Vivian Gornick loves to walk—to absorb the drama, humor, and humanity of the New York City streets, to see “the fifty different ways people struggle to remain human.” After a lifetime of navigating the city on her own terms, Gornick uses the metropolis as both her mirror and her muse as she examines her fiercely independent life along with the dilemma of connection in our time.

Her closest walking companion is Leonard, a gay man with whom she has a long-standing relationship that is as gratifying as it is contentious. As her discussions with Leonard play in her mind, she dismantles the idea of the anonymous city, finding solace on a crowded bus, among the pundits in Times Square, and watching a bank of lights go on at dusk in an adjacent apartment building. “I have lived out my conflicts not my fantasies,” she writes, “and so has New York. We are at one.”

Engaging with a city that challenges, inspires, and sometimes thwarts a single woman, The Odd Woman and the City is a deeply moving ode to Gotham, and to the friendships and encounters that invigorate and ground a life in the city.

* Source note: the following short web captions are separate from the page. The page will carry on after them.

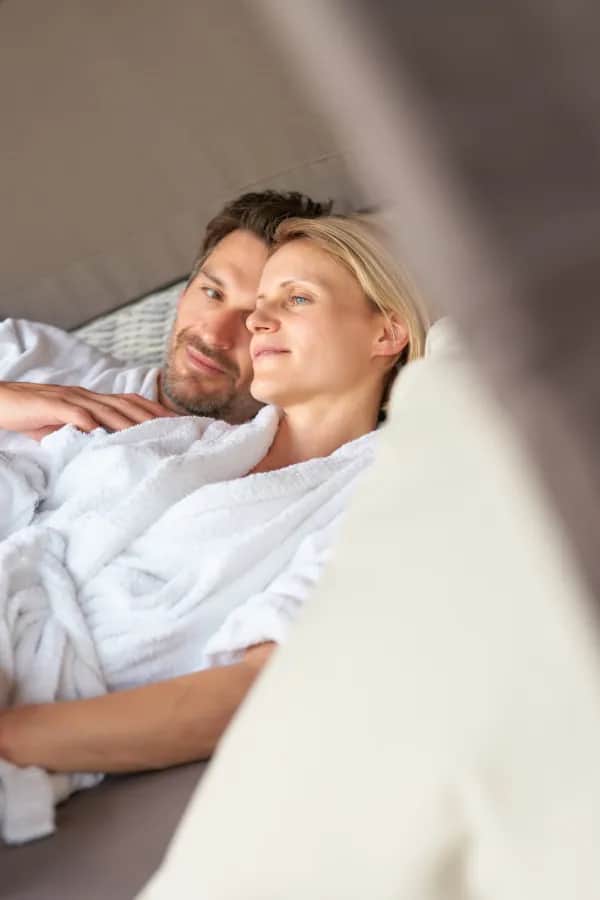 Entspannte Eltern im Wellnessbereich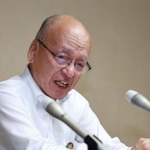 辞任の意向を固めたことについて、「知事を支えきれなかった」と涙ぐむ片山安孝副知事＝１２日午前、兵庫県庁（撮影・長嶺麻子）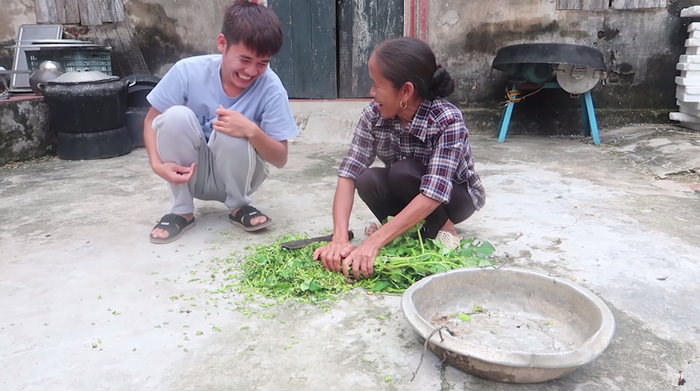 Hưng Vlog chia sẻ với Bà Tân Vlog về kế hoạch đi nước ngoài. Ảnh chụp màn hình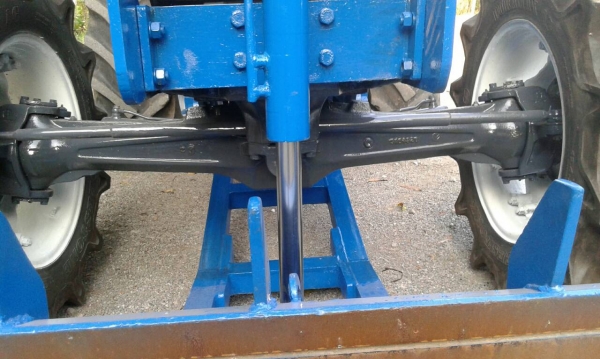 ขายฟอร์ด 6640 สองเพลาคานนิวฮอนแลน ดันหน้าหาง 3 ไครเฮงหลี เล่มทะเบียนพร้อมใช้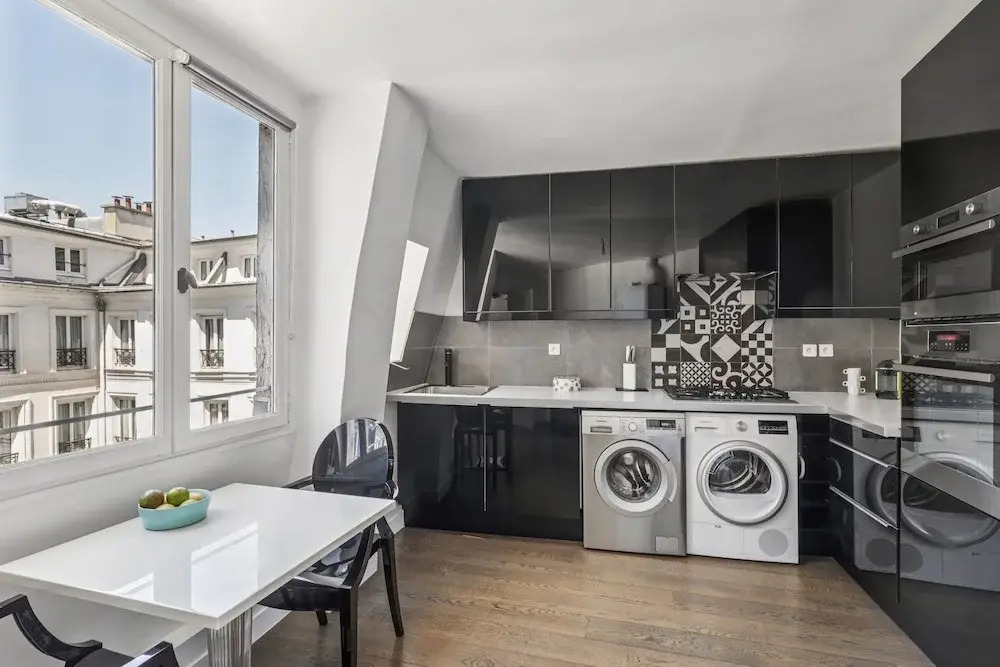 Cozy 2BR Near Parc Monceau & Opera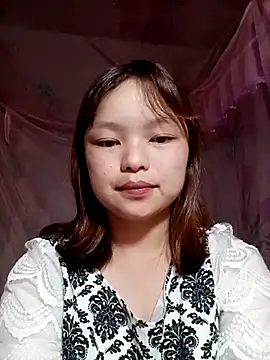 Snapshot of XoiXoi232 chatting on 09-11-25, 11:32 XoiXoi232 online show from 09-11-25, 11:32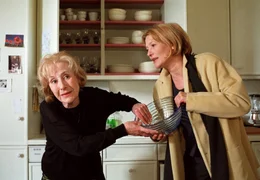 Wie Hund und Katz : Vreni (Suzanne von Borsody, re.) im Zank mit ihrer Mutter Hilde (Rosemarie Fendel). ARD Degeto/Christian A. Rieger - honorarfrei, Verwendung nur im Zusammenhang mit o. g. Sendung bei Nennung Bild: ARD Degeto/Christian A. Rieger (S 2), Presse und Programmbetreuung (069) 1509-334 oder -335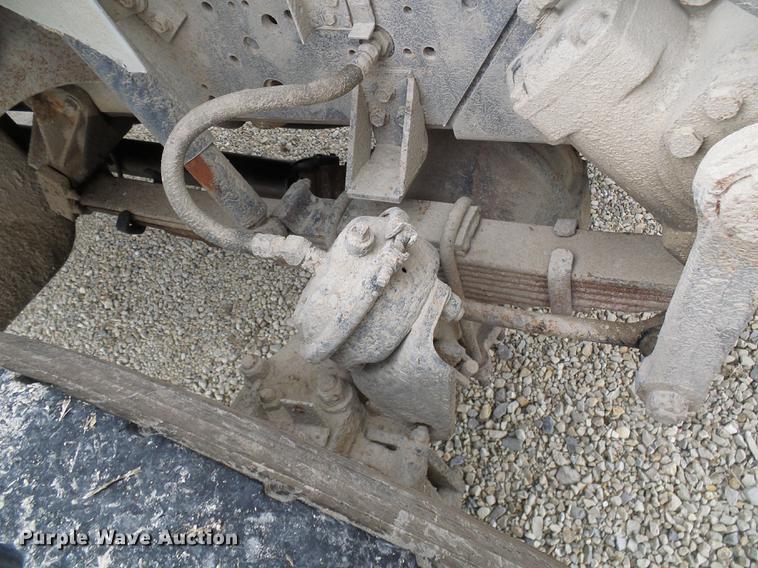 image for item DF7161 1999 International 4800 bucket truck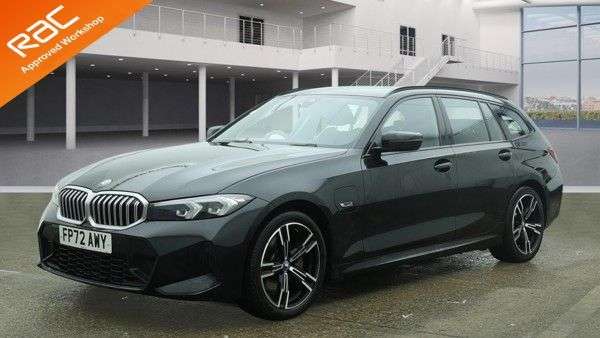 A 2022 BMW 3 SERIES 2.0 330e 12kWh M Sport Touring 5dr Petrol Plug-in Hybrid Auto Euro 6 (s/s) A 2022 BMW 3 SERIES 2.0 330e 12kWh M Sport Touring 5dr Petrol Plug-in Hybrid Auto Euro 6 (s/s)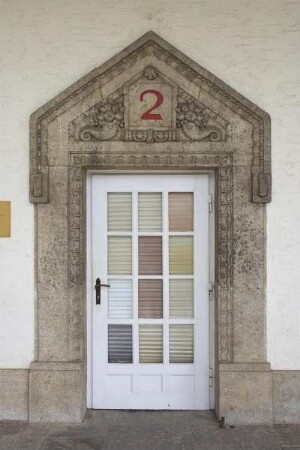 Portal Badehaus 2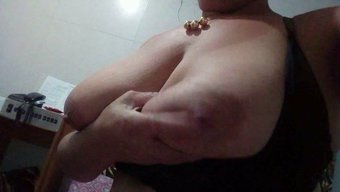 成熟巴西女孩的大乳头...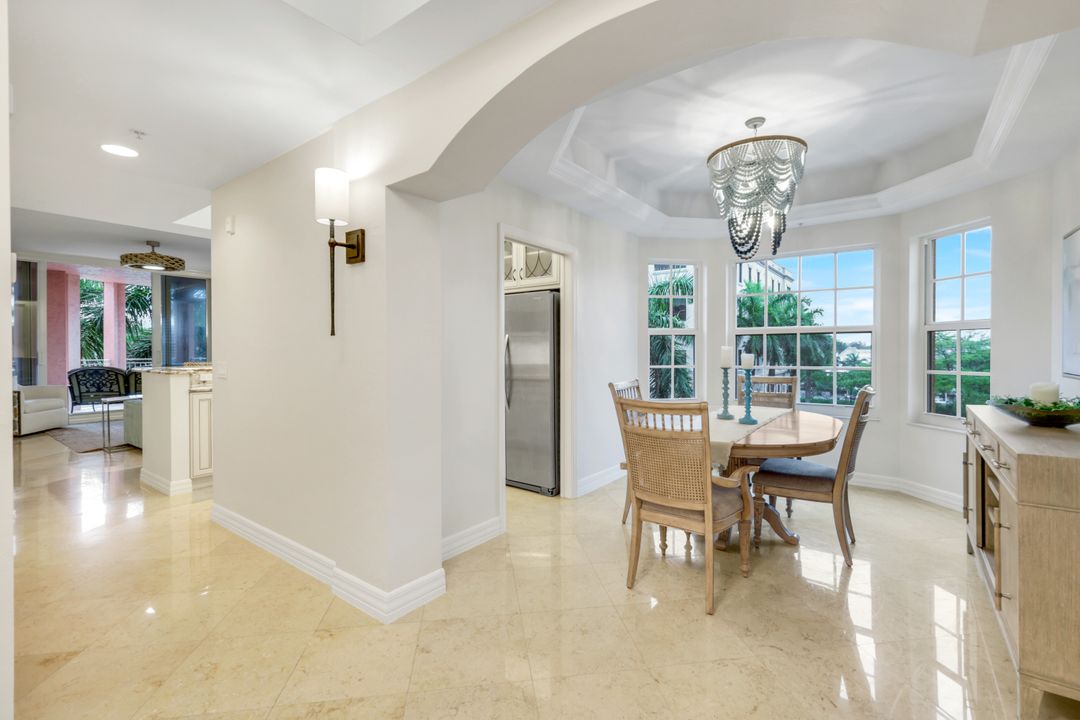 401 Bayfront Pl #3301, Naples, FL 34102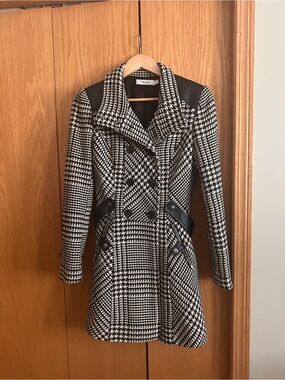 Houndstooth Double-Breasted Pea Coat with Faux Leather Trim - Black & White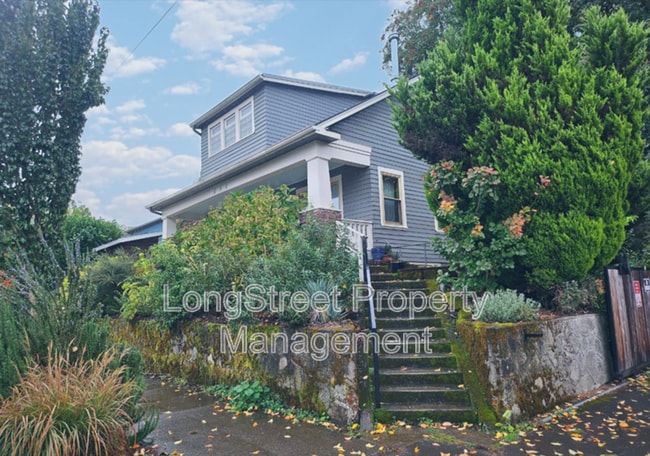 Building Photo - 636 N Shaver St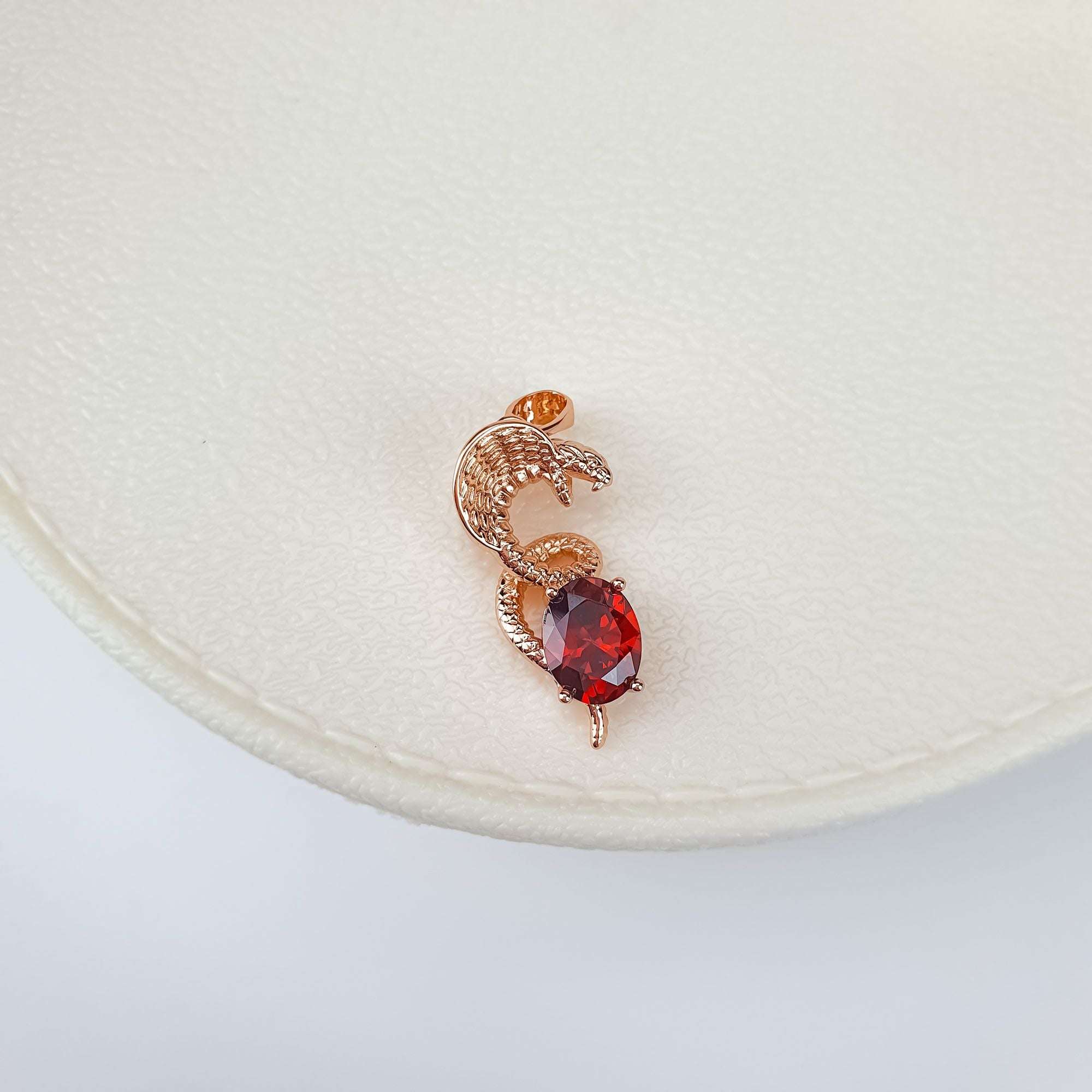 Elegants kulons ar čūsku – simbols spēkam un noslēpumainībai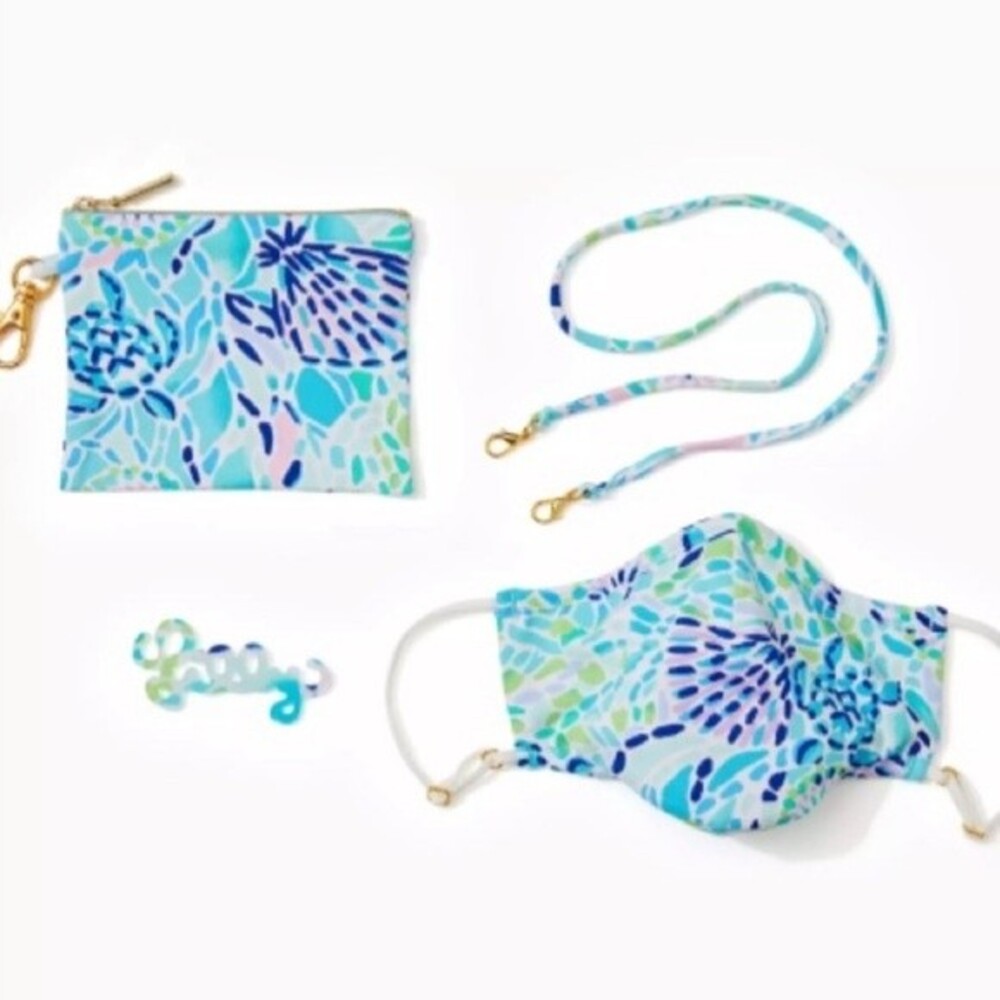 Lilly Pulitzer On The Go Face Mask Set with Lanyard Blue Ibiza Print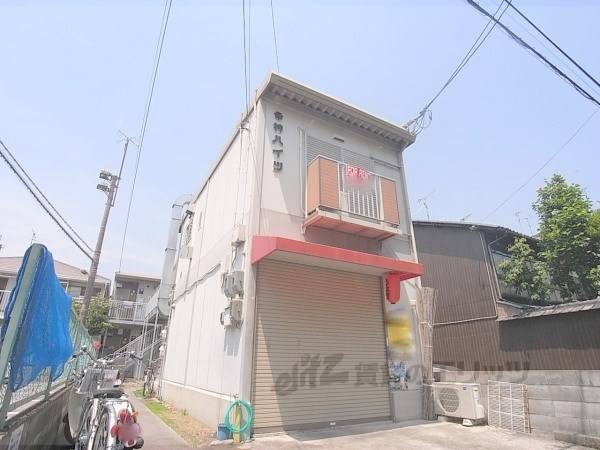 004218の外観写真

‘Gornick’s voice does not just tell the story, it is the story . . . voice struggle—and none can do without the other.’ —New Yorker

‘Funny and elegiac and truth-dealing . .. It’s a slim book with big echoes . .. She is as good a writer about friendship as we have.’ —Dwight Garner, New York Times

Vivian Gornick is the author of the acclaimed memoir Fierce Attachments, a biography of Emma Goldman, and three essay collections, two of which, The Men in My Life and The End of the Novel of Love, were finalists for the National Book Critics Circle Award.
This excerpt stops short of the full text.